The increase was due primarily to TE in persons of color, particularly Hispanic/Latinx, according to the authors, who note that this is “in line with the disproportionately high mortality rate of this subset of the population due to COVID-19 in NYC.”

However, no such increase was seen among Blacks/African Americans, who also were severely impacted by COVID-19. Notably, no men had TE in the year prior to the pandemic, whereas five were affected during the pandemic.

Due to reagent shortages at the time, only two TE patients had been tested for COVID-19 (both negative). Therefore, as Dr. Marmon suggests, underlying inflammation may be a factor in this subset of patients.

“Since the virus is so widespread, it is likely there will be upticks in cases of TE in other areas of the US heavily impacted by COVID-19 infection,” Dr. Marmon said. “However, the lack of testing and control measures coupled with the population density of New York City resulted in an enormous initial wave of infection and anxiety in the spring that hopefully won’t be replicated at this stage of the pandemic.”
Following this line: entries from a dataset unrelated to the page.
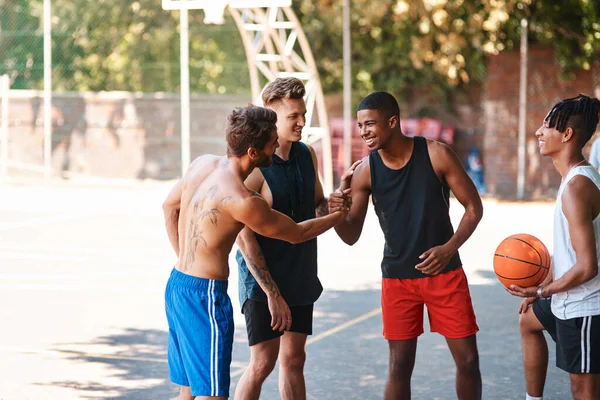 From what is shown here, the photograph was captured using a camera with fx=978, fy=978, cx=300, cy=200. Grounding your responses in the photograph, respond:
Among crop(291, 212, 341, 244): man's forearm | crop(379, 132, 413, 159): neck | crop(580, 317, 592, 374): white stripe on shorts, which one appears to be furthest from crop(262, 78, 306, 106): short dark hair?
crop(580, 317, 592, 374): white stripe on shorts

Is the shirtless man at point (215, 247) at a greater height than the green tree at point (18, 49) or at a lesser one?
lesser

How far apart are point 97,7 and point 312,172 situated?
22648 mm

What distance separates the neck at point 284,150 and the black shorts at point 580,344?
178 centimetres

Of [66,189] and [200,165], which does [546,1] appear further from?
[200,165]

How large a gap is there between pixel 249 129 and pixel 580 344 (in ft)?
6.71

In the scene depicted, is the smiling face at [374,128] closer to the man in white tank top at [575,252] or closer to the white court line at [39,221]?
the man in white tank top at [575,252]

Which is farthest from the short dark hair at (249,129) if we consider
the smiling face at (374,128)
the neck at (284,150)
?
the smiling face at (374,128)

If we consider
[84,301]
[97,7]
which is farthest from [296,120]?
[97,7]

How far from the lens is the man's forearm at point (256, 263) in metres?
5.43

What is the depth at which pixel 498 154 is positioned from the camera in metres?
21.3

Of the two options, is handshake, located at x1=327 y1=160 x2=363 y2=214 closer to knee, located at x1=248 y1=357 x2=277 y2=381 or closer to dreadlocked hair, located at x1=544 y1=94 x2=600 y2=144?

Dr. Adam Friedman, Interim Chair of Dermatology and Residency Program Director at George Washington School of Medicine and Health Sciences in Washington, DC, told Reuters Health he is seeing increases in TE “and the timing makes plenty of sense, as the onset of shedding is typically three months following the traumatic event (rise of the COVID-19 pandemic, shutdown, mass hysteria circa March 2020).”

“TE progresses typically along a bell curve-like timeline – shedding escalates for roughly several months, subsides, and new hairs replace the old at a rate of 1 cm/month,” he said by email. “Some people do get recurrent TE, which can complicate the duration; I typically say it takes roughly a year to feel somewhat baseline.”

“The bigger issue is if there are any other conditions that can impact hair- e.g., androgenic alopecia, primary inflammatory scalp disease (which will also worsen with stress), nutritional deficiencies, etc. – that will limit how well the hair returns.”